What can only be a Solstice miracle that on the shortest day on of the year our game makes it through apple’s review process in unbelievable speed.  Developers often lament about apple’s review process taking over 2 weeks, but our game took just over 2 days.  Part of the design goal of Fillip was to keep it simple, that and using apple’s sprite kit as our game engine I’m sure contributed to the speed at which they were able to test and approve our product.  Stay tuned to our blog as we post about our process and techniques we used throughout our production.  As well look for the next version of Fillip to be release as we make improvements and plan to expand the content.

Get Fillip’s Feast!

 

 

Fillip’s Feast submitted to Apple

In the wee hours of this day Infinite Cortex Creations Submitted its first App to the Apple App Store.  The review process can take 1 to 2 weeks so it’s unlikely our game, Fillip’s Feast will be available until after the new year.  Still we felt confident that our first product was ready for launch and it was important to us to get Fillip submitted before Apple cuts off submissions for the year on the 22nd of December.

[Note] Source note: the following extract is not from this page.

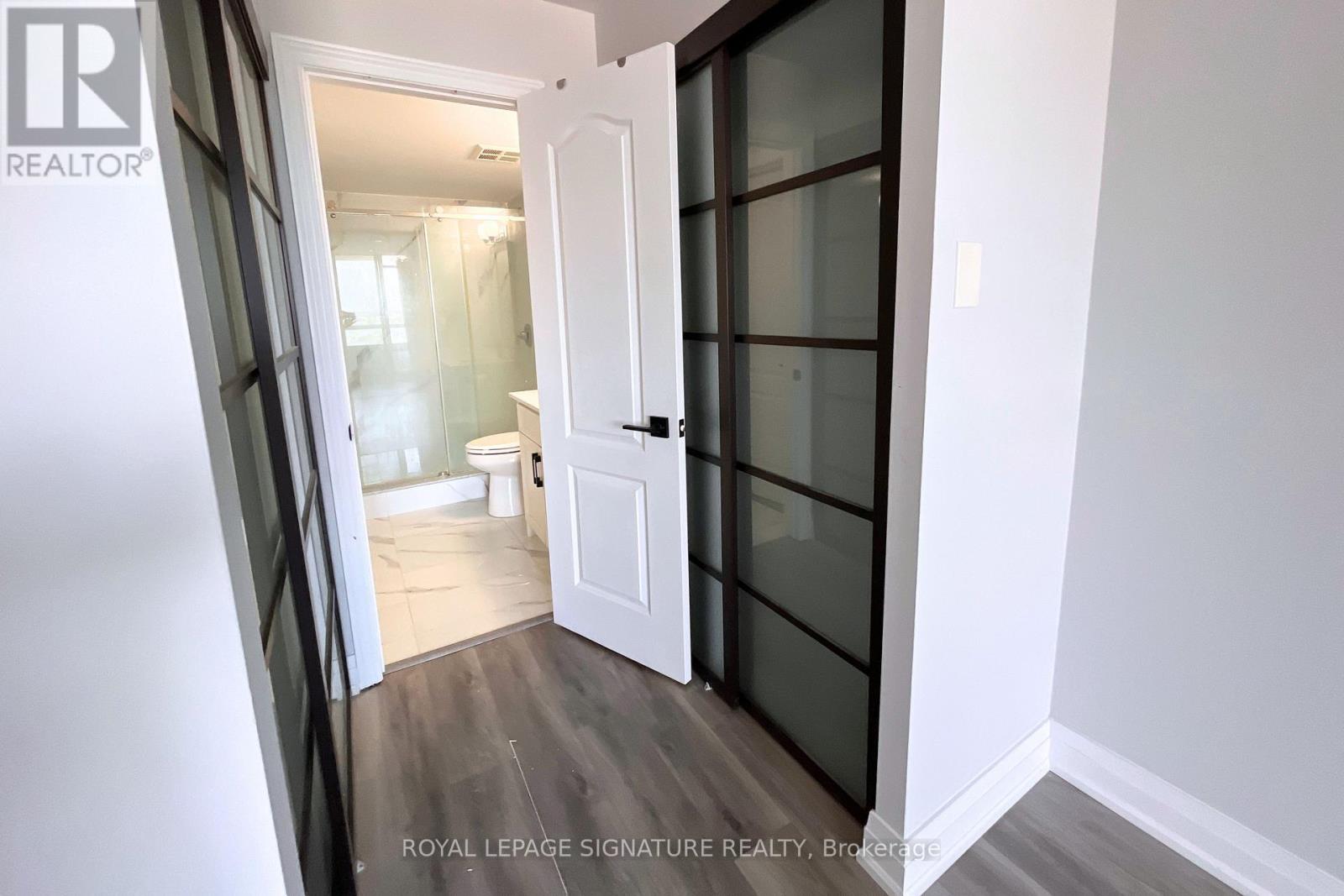 1114 - 550 Webb Drive, Mississauga, Ontario  L5B 3Y4 - Photo 8 - W13520736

Submitting Fillip’s Feast is a small mile stone for our company but a moment of extreme pride for me personally.  The initial concept for Fillip came to me several years ago as a simple and fun game; primarily to use as an opportunity to teach myself mobile game development and design. The final product could not have been achieved with out the hard work and dedication of all the partners here at Infinite Cortex Creations.  It would be arrogant for Fillip to think he is solely responsible for our company’s existence, but he was the spark that set us on this journey. Below are the original concept sketches I made for the game and the central frog character, who would eventually become known as Fillip.  appSketch fillipSketch

 

We’ll let you know when Fillip’s Feast is approved and available for download, we know you all are eager to get in that swamp and chow down some bugs.